So Johnny was hurt and needed some place to go. Sylvia took a drag of her cigarette and let the smoke out slow. Fine with her. She glanced from him to the T.V. He wasn't looking at her, and the bleeding had nearly stopped. She couldn't help her attraction, what with his wounded little looks and big dark eyes and how he seemed sort of shrunken into himself, such a wounded kid. The exact opposite of Dallas, with all his bravado and invincibility. Nothing could touch Dallas. But everything could touch Johnny.

She shook her head, trying to decide if she wanted to be mad at him about blindly following Steve's orders. She didn't really know. She blew her smoke out in a long stream, watching it follow the straight line and then slowly disintegrate. The T.V. had a glare from the sun so she could hardly see the soap opera anymore, she could only hear the tinny voices.

It occurred to her that she didn't like all these games so much anymore. Always dressing and acting in this certain way to get boys to want her. To lust after her. What was it? It wasn't love with any of them, it was just some immediate gratification that had no carry over, no lasting effect on her at all. It was only Dallas that she could say with any degree of certainty, it was only Dallas she loved. The rest of the boys were like fast food.

But here Johnny sat in her living room with his torn shirt and bleeding lip, his beginnings of a black eye. Ponyboy hadn't been home and so he had come to her. What did it mean? He'd pushed her away at the vacant lot the other night, he'd said he wanted to be friends. Was he maybe serious? Did he want to be friends with her? Glancing at him, at his tan skin and scared eyes, she realized she didn't know how to be anyone's friend.

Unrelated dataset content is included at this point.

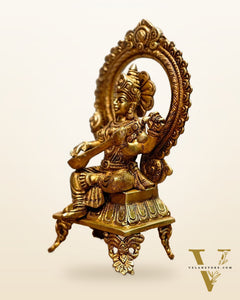 Brass SuperFine Saraswati idol 9.5"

She felt quiet, unsure. What did she say? How did she proceed from here? She didn't know how to be around boys without trying to seduce them. It was uncharted territory.

"Uh, Johnny?" she said, and watched him glance at her. She licked her lips. Friends. It would be something to maybe try. Maybe.

"What happened?" she said, pointing her cigarette at his injuries.

"My old man," he said, and shrugged.

"What did you do?" she said, feeling kind of like one of those wind socks twisting in the wind. This is what friends did, right? Asked about shit and expressed concern? She could do that.

"Nothing' " he said, looking down. Sylvia shrugged, crushed her cigarette out in the glass ashtray by her chair.

This trying to be friends was giving her a headache. She tried to watch the dumb soap opera for awhile but it just wasn't holding her interest. Johnny smoked a few cigarettes and didn't say a word. Figures she'd try and be friends with one of the quietest kids in all of Tulsa.

"Look, Johnny, the other day at the lot, you said you wanted to be friends with me. Was that true? I mean, do you really want that or are you just being all nice? Cause I thought we could try and be friends, but not if you're just lying to blow me off cause Steve Randall told you to. So be straight with me," It was an exhausting speech, one of the most honest things she's ever said to anyone. Once it was out of her mouth she wished she could take it back.

He looked at her with his wide eyes and that kind of quiet thoughtfulness he had. She waited for whatever it was he would say.

"I wasn't lying," he said. That was all he said.

"Okay," she said, and she felt like this friendship thing was an uncomfortable new dress. She didn't know if she'd ever get used to it.